One of those films you miss the theater-run of, slightly forget about until they pop up somewhere and trigger the “Didn’t I want to see this?”-thought. Maybe I should start a To Be Watched list.
The shoplifters don’t just shoplift goods. This is a mild spoiler that won’t make sense until the end of the film. In the beginning of it, it’s just a poor family adopting a neglected toddler. Like in 10 Minutes it is shown that you can create your own family – this one is just built on much less sturdy foundations.
The funny thing is that for a long time little seems wrong with those foundations. Yes, some dodgy things happen and what are the exact relationships between everyone but by golly: at least they try t stay upright in a society that doesn’t even notice that it keeps kicking them down.
I’m also impressed by the acting and the thin balance between sharing and silence – it never gets annoying that we don’t know everything (yet). Except for that one story line; I must have missed the clues here. Or it was simply shoplifted from the story: everything and -one can clearly be.

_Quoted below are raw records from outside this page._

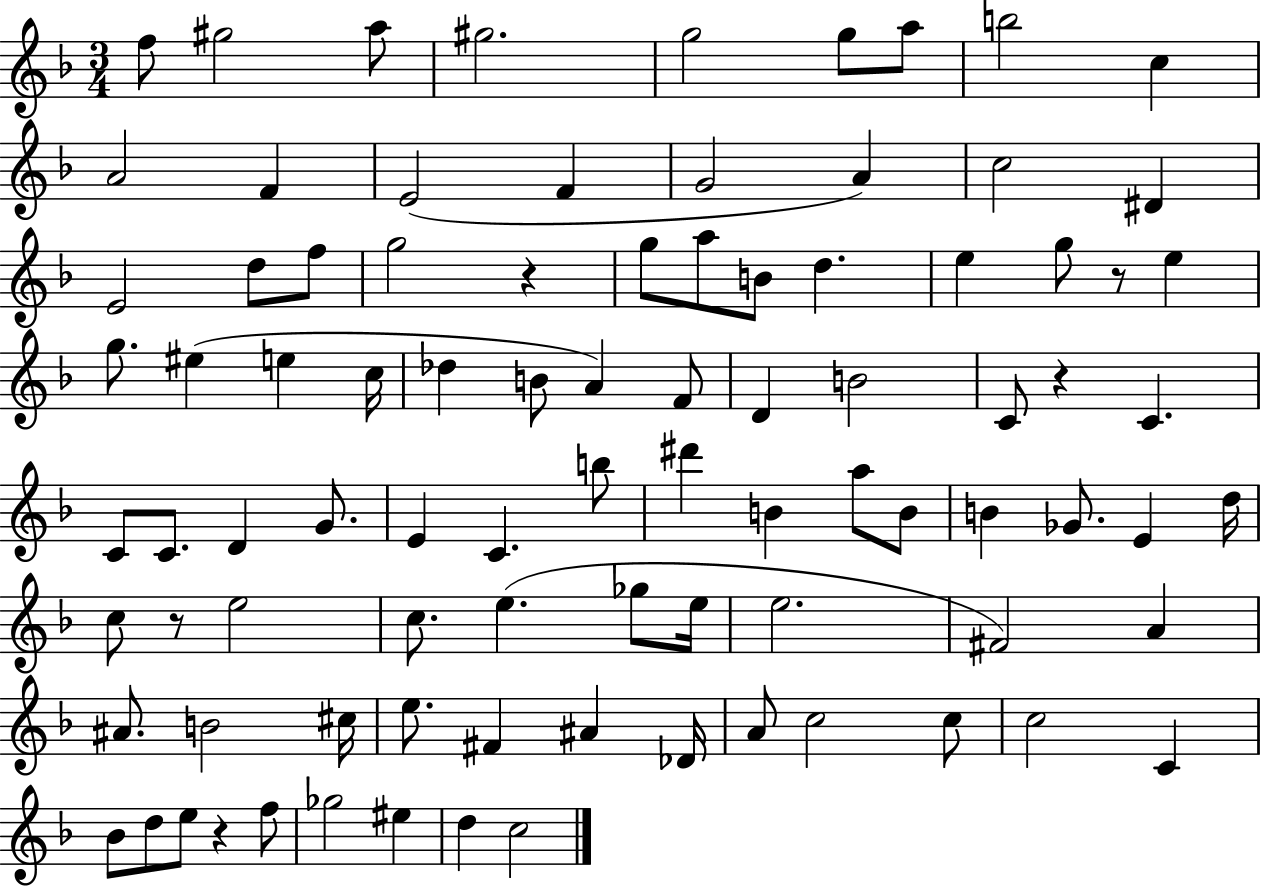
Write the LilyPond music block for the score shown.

{
  \clef treble
  \numericTimeSignature
  \time 3/4
  \key f \major
  f''8 gis''2 a''8 | gis''2. | g''2 g''8 a''8 | b''2 c''4 | \break a'2 f'4 | e'2( f'4 | g'2 a'4) | c''2 dis'4 | \break e'2 d''8 f''8 | g''2 r4 | g''8 a''8 b'8 d''4. | e''4 g''8 r8 e''4 | \break g''8. eis''4( e''4 c''16 | des''4 b'8 a'4) f'8 | d'4 b'2 | c'8 r4 c'4. | \break c'8 c'8. d'4 g'8. | e'4 c'4. b''8 | dis'''4 b'4 a''8 b'8 | b'4 ges'8. e'4 d''16 | \break c''8 r8 e''2 | c''8. e''4.( ges''8 e''16 | e''2. | fis'2) a'4 | \break ais'8. b'2 cis''16 | e''8. fis'4 ais'4 des'16 | a'8 c''2 c''8 | c''2 c'4 | \break bes'8 d''8 e''8 r4 f''8 | ges''2 eis''4 | d''4 c''2 | \bar "|."
}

Netflix doesn’t have the greatest track record when it comes to original films, and I’m old enough to be disgruntled by plenty of YA tropes.

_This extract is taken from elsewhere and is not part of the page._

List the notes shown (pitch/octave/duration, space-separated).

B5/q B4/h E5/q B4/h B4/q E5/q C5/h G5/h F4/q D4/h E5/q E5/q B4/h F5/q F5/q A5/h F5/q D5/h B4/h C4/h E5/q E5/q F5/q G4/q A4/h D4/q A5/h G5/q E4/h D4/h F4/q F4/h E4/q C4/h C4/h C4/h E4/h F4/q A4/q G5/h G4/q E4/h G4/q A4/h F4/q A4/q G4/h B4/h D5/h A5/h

So, I chose to watch a Netflix original based on a YA novel. I’m a logical thinker.
Of course, yes, there could have been easy adjustments made to improve this story about a female teen recognising the stupid rules and habits of a patriarchal system. For starters, shifting the point of view to the black girl.
But I was surprised by how few adjustments I could come up with. Plot? Not always as subtle as it could be, but perfect for the audience. Scrip and lines? Surprisingly without any attempt to be “down with the youths”. Characterisation and love interest? Nice, cute and wholesome. Honestly, I think I’m still surprised.

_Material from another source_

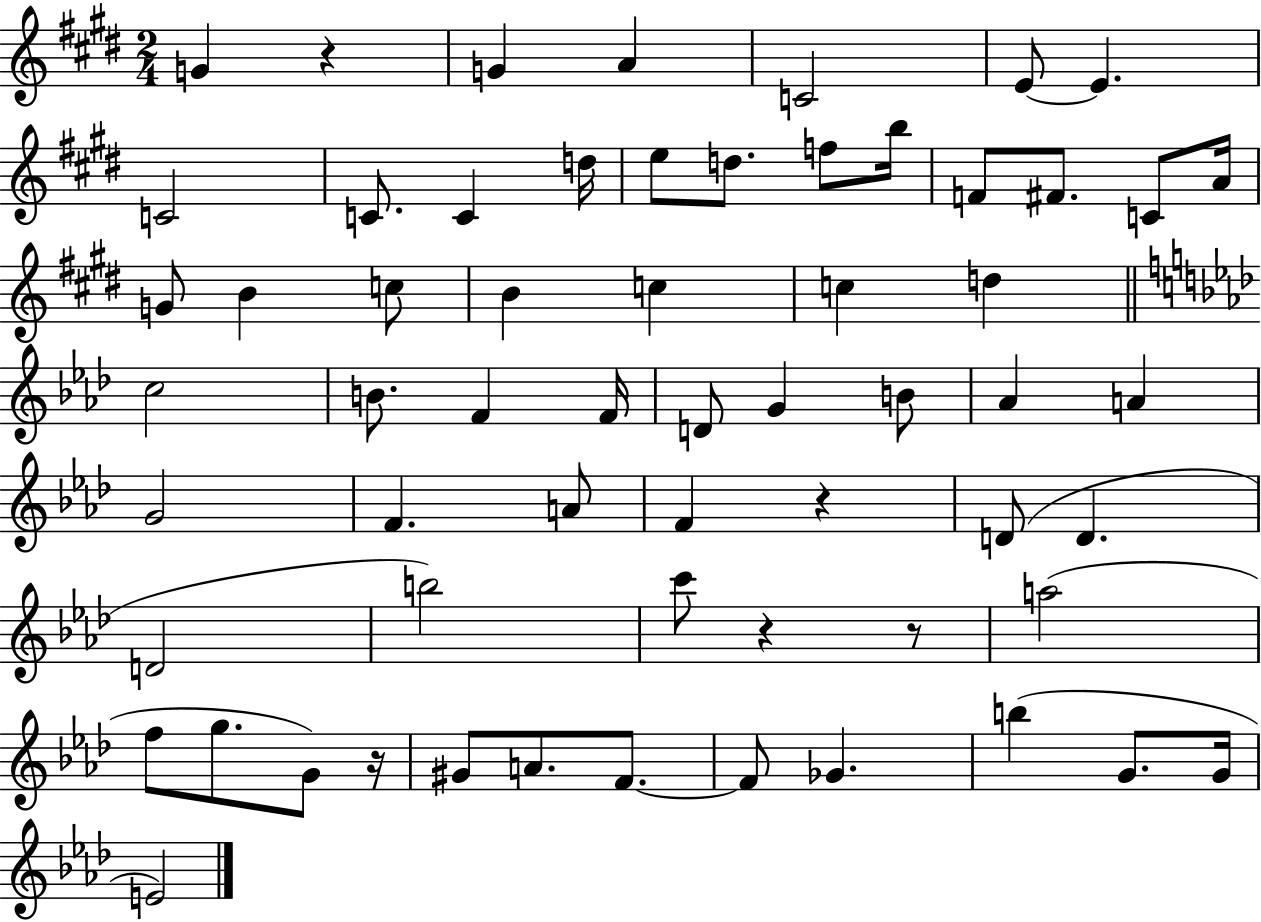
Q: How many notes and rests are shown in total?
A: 61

Therefore, I’m going to keep it at that. No deeper digging, not reading the original material.
Well, this was much more fun and smarter than expected (I feel like I open a lot of posts with that sentence). The summary didn’t particularly help in telling me what to expect – it skipped on the entire science fiction-element – making me think that the main character was going to do the administration for some kind of mob boss.
Nay, she does so for a super villain, and she’s good at it. Because there’s plenty of math and paper work to be done in a world where superheroes don’t mind collateral damage, human or otherwise.
Shenanigans (violent and otherwise) follow while our protagonist has insights about what’s good, what’s evil and how power should come with responsibility but those in power often neglect that tidbit. It’s also just silly fun about life as a henchperson. I was slightly worried about the ending because both possible routes felt unsatisfactorily, but Walschots pulled that off nicely as well. I love it when it story comes together as neatly as this one.
The Thursday Murder Club, Richard Osman, Viking 2020
This was fun! Of course, like as in every detective the characters learn things sooner than the reader does, but Osman managed to balance it in such a way that made me go “Okay, we’ll wait a chapter” instead of reading the final paragraph and trying to remember how many story lines were there and how they’re being tied up in twenty words.
In an old folks home, a group of seniors meet up on Thursday to try to solve cold case murders. When a murder happens close by, they decide to put their talents to a warm case.
As with any detective, the senior Sherlocks leave the local authorities (far) behind, but because the author writes with an almost audible wink it’s entertaining instead of annoying.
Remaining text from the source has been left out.